Barclays PLC, the third-largest bank in the UK by assets, fell the most in 12 weeks after investment banking revenue dropped more than expected in the first quarter.
Revenue at the Barclays Capital unit slumped 26 percent to £3.8 billion (US$5.8 billion) for the three months to March 31, missing the £4.9 billion estimate of analyst Mark Phin at Keefe, Bruyette & Woods Ltd. The shares declined the most since Feb. 4.
“We are skeptical about continued growth at Barclays Capital,” wrote Bruce Packard, an analyst at Seymour Pierce in London, who has a “sell” rating on the stock.

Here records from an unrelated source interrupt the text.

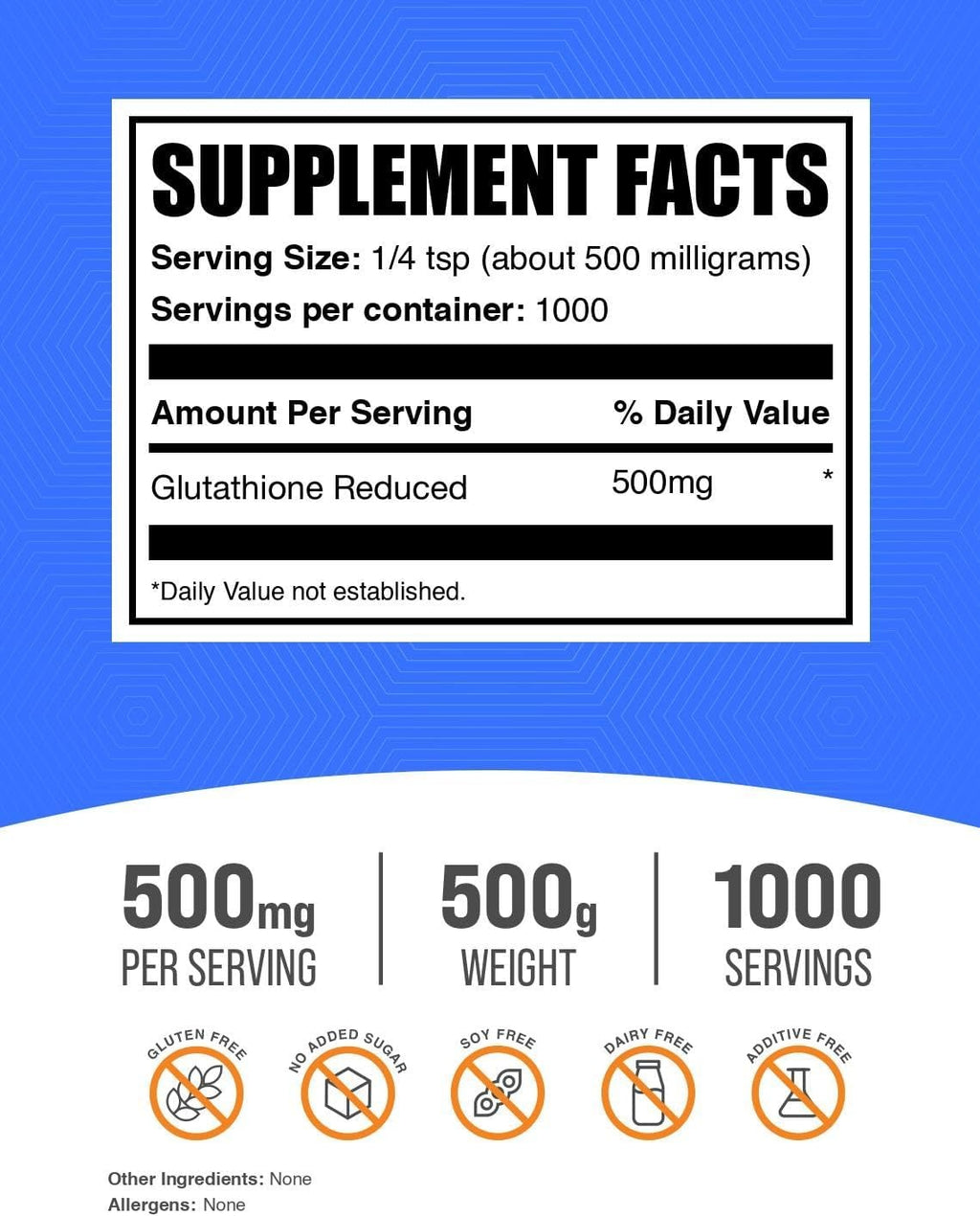 Bulk Supplements Glutathione Reduced Powder 500mg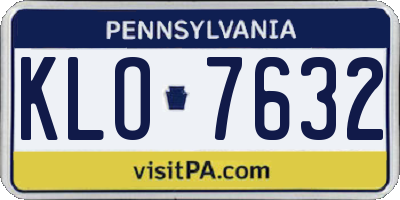 PA license plate KLO7632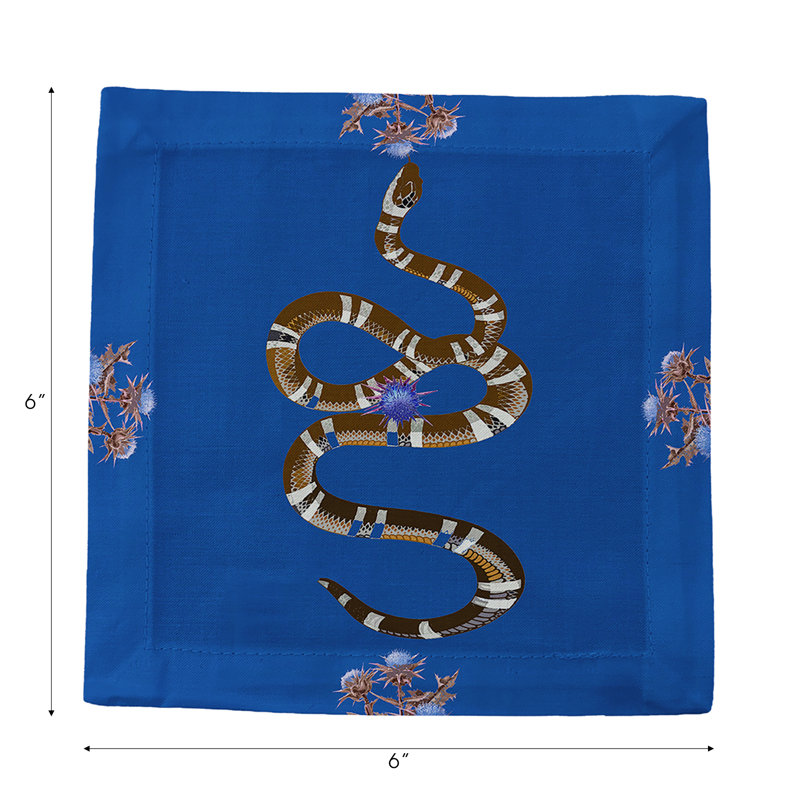 Cotton Blend Square Napkins, Blue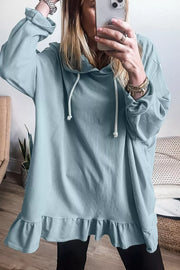 Solid Ruffled Hem Loose Fit Tunic Hoodie in Light Blue, side view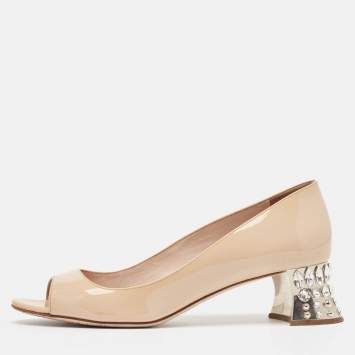 Pre Owned Miu Miu Beige Patent Leather Crystal Embellished Block Heel Peep Toe Pumps Size 37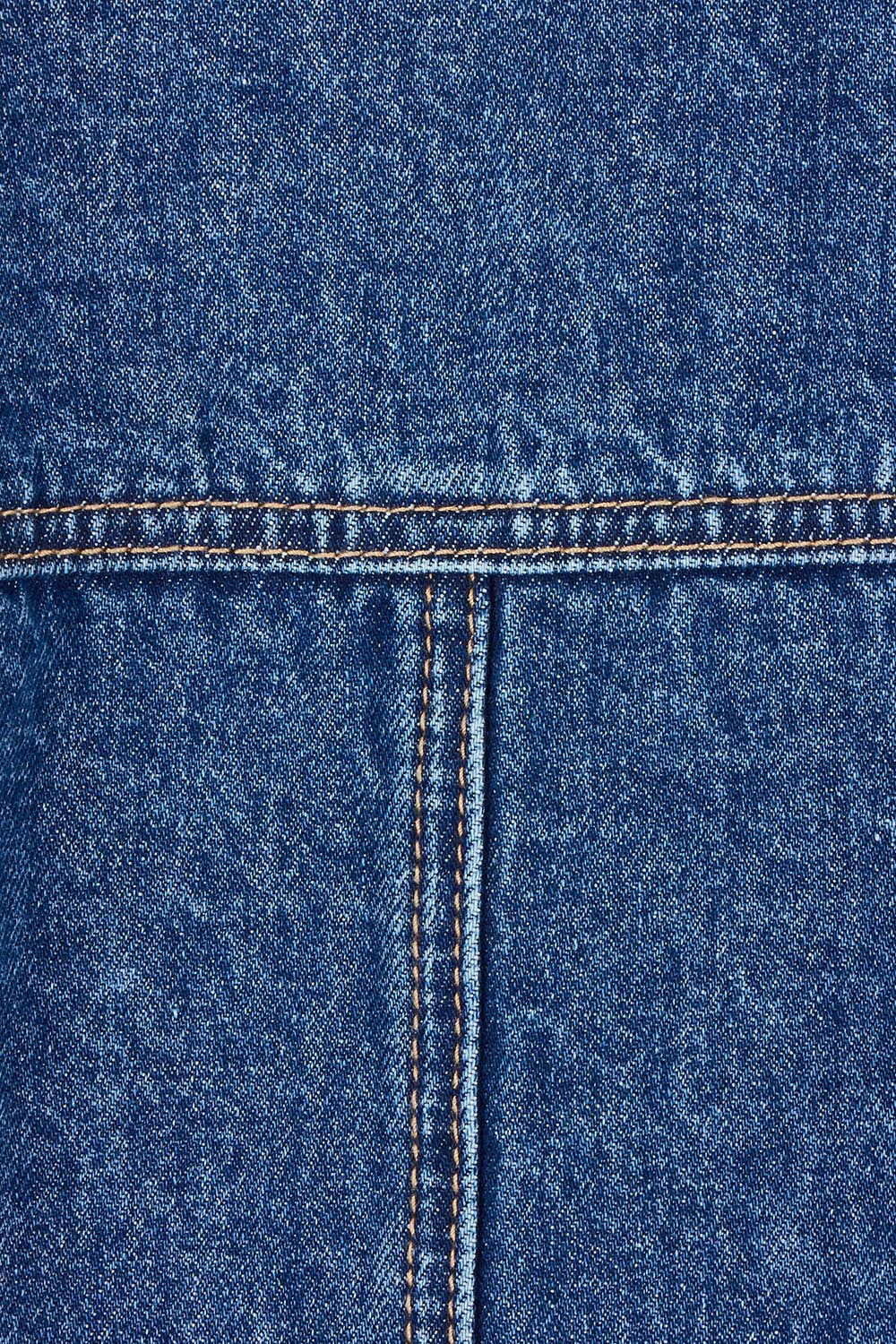 Product shot of the Lilian Denim Barn Jacket in colour Midblue (Blue), detail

Fixed-income bankers “have worked hard to perpetuate the scientific nonsense of everlasting, compounding growth.”
Barclays Capital, the investment banking unit led by Robert Diamond, hired more than 750 people in Europe and Asia last year, adding equities and mergers and acquisitions advisers, after buying the North American unit of Lehman Brothers Holdings in 2008.
Banks including JPMorgan Chase & Co, Citigroup Inc and Deutsche Bank AG this month posted increased profit for the quarter, aided by fixed-income trading revenue.

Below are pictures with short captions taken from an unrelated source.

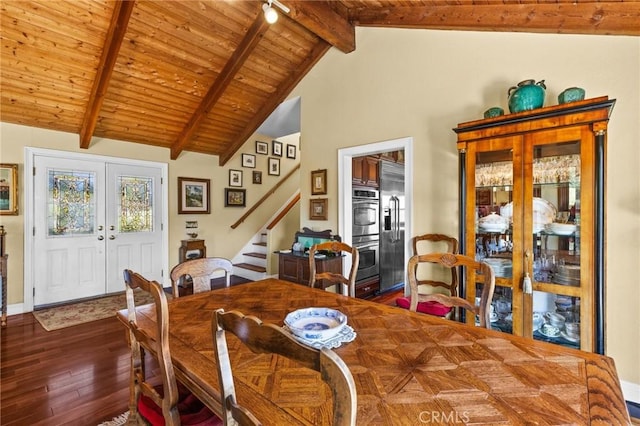 28061 Modjeska Grade, Modjeska Canyon, CA 92676 - dining space with french doors, stairway, a wood ceiling with exposed beams, hardwood / wood-style flooring, and high vaulted ceiling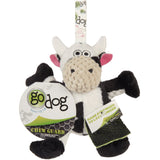 goDog Sitting Cow Durable Squeaky Plush Dog Toy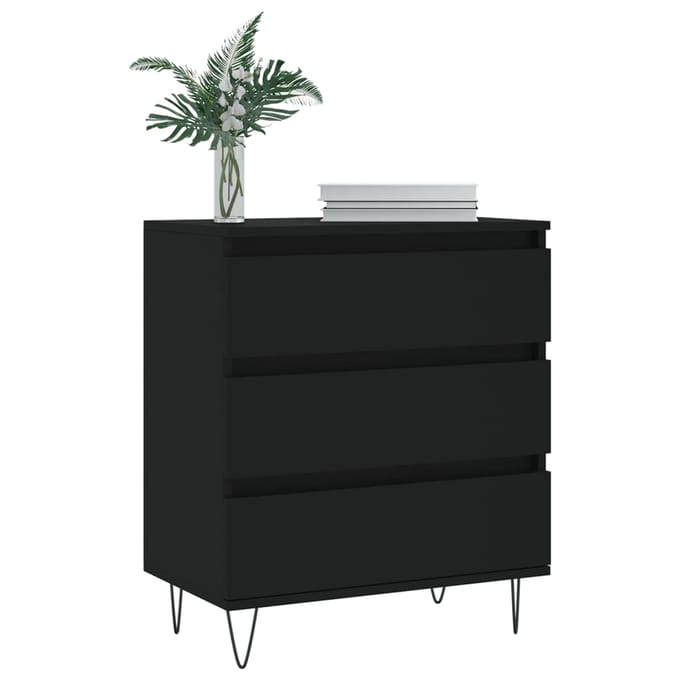 vidaXL - Dressoir - 60x35x70 - cm - bewerkt - hout - zwart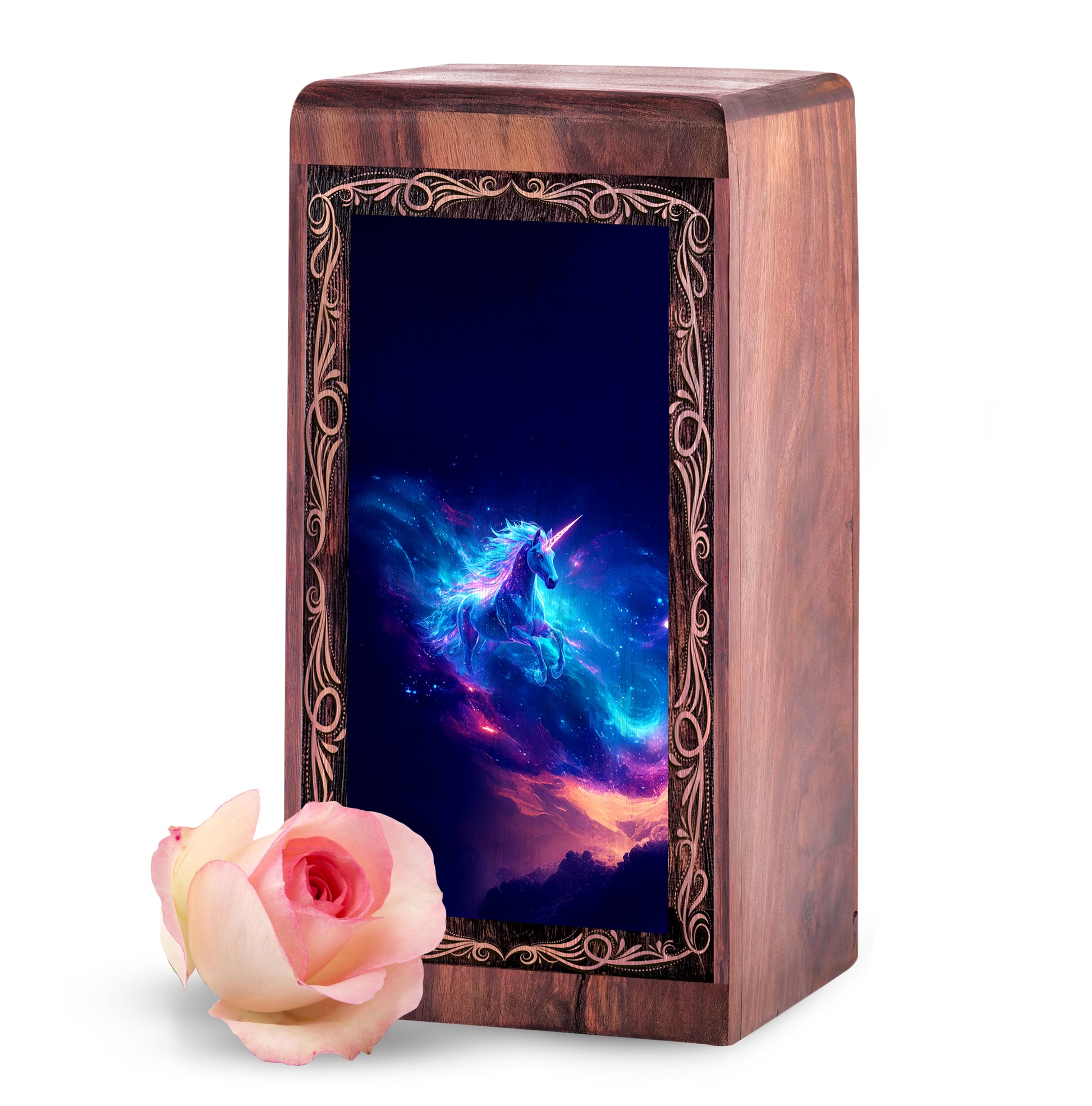 Unicorn Wood Cremation Urn For Burial - Blue Galaxy Fantasy Wooden Box For Men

First-quarter net income rose to £1.07 billion, or £0.087 a share, from £826 million, or £0.068, in the same period last year, the company said in a statement.
“In the next nine months, we would expect to see new businesses coming on stream,” Barclays Capital president Jerry Del Missier said in a telephone interview, pointing to cash equities and credit business.
“Everyone is focusing on the revenue figure, it’s a disappointment,” Oliver Gilvarry, head of research at Dolmen Securities in Dublin, said by telephone. “The market got ahead of itself on what it was expecting on the revenue side.”
Barclays said impairments fell 35 percent to £1.5 billion compared with the same period a year earlier and down 19 percent from the fourth quarter of last year.
Pretax profit at Barclays Capital outstripped the performance of every other division, rising 62 percent to £1.47 billion in the first quarter compared with the same period last year.
That resulted from a 75 percent fall in impairments and a 66 percent rise in revenue from debt and equity underwriting.
The second-biggest contributor to profit was the global retail banking unit, where pretax profit fell 6 percent to £403 million.
Barclays is accruing 38 percent to 39 percent of revenue in remuneration for employees in its investment bank, finance director Chris Lucas said in a conference call with journalists yesterday. A decision on bonuses won’t be taken until the end of the year, he said.
Barclays Corporate posted a loss of £75 million and the Barclaycard credit card unit’s profit declined 34 percent to £118 million. Profit rose 20 percent at UK consumer banking to £238 million.